In its early days, the City Market of Kansas City, Missouri, was a hub of river traffic and trade. Although the area has changed considerably since the market opened in 1857, it’s still a bustling commercial center, hosting a regular farmer’s market, an active food court, boutiques, and specialty shops. In the heart of this now-historic district lies one of the city’s prized gems: the Arabia Steamboat Museum. While the museum holds a considerable collection of pre–Civil War artifacts, its real treasure is the story it tells.

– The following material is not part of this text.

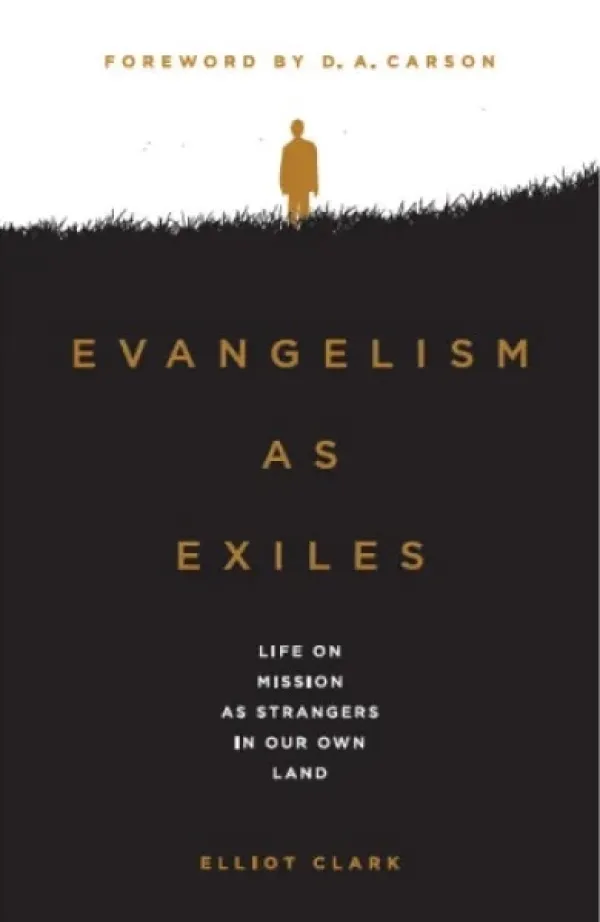 Evangelism As Exiles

That story begins in 1853 at the Pringle Boat-Building Company in Brownsville, Pennsylvania—a skilled and efficient yard that had clients as far away as California and South America. In 1853, Pringle built a new vessel for a group of Pennsylvania investors. Painted white and named ARABIA, she measured 171' LOA and had a 54' beam and 220 tons of cargo capacity. She was an average-sized river steamboat for her day, and was propelled by twin 28'-tall side-mounted paddle wheels, each driven by its own engine. Steam was created by burning coal and wood in a furnace located beneath three, two-tubed boilers. It was a massive undertaking to keep the boilers fueled; when the boat was underway, the furnace burned through 30 cords of wood each day.

ARABIA made her maiden voyage in 1853, to St. Louis. Between 1853 and 1855, she made numerous trips on the Ohio and Mississippi rivers, and in February 1855 she was purchased by Capt. John Shaw of St. Charles, Missouri. Shaw chartered the boat to carry government supplies and military personnel. His first journey with ARABIA took her from Fort Leavenworth, Kansas, to the remote military outpost of Fort Pierre, South Dakota, carrying 109 soldiers and supplies. The ship then continued 700 miles to the mouth of the Yellowstone River before returning to St. Louis. The entire voyage took nearly three months, and it proved that ARABIA was worthy of traveling on the Missouri River, which in those days was dangerous. The shallow Missouri is one of the siltiest rivers in the United States, and in the 1800s it carried even more sediment than it does now. This allowed no visibility beneath the surface, and the Missouri was filled with snags: tree trunks that had fallen into the river and become affixed to the river’s bottom. These snags made the river an aquatic minefield; while a steamboat working the Mississippi River had a life expectancy of five years, one on the Missouri was expected to last just two years.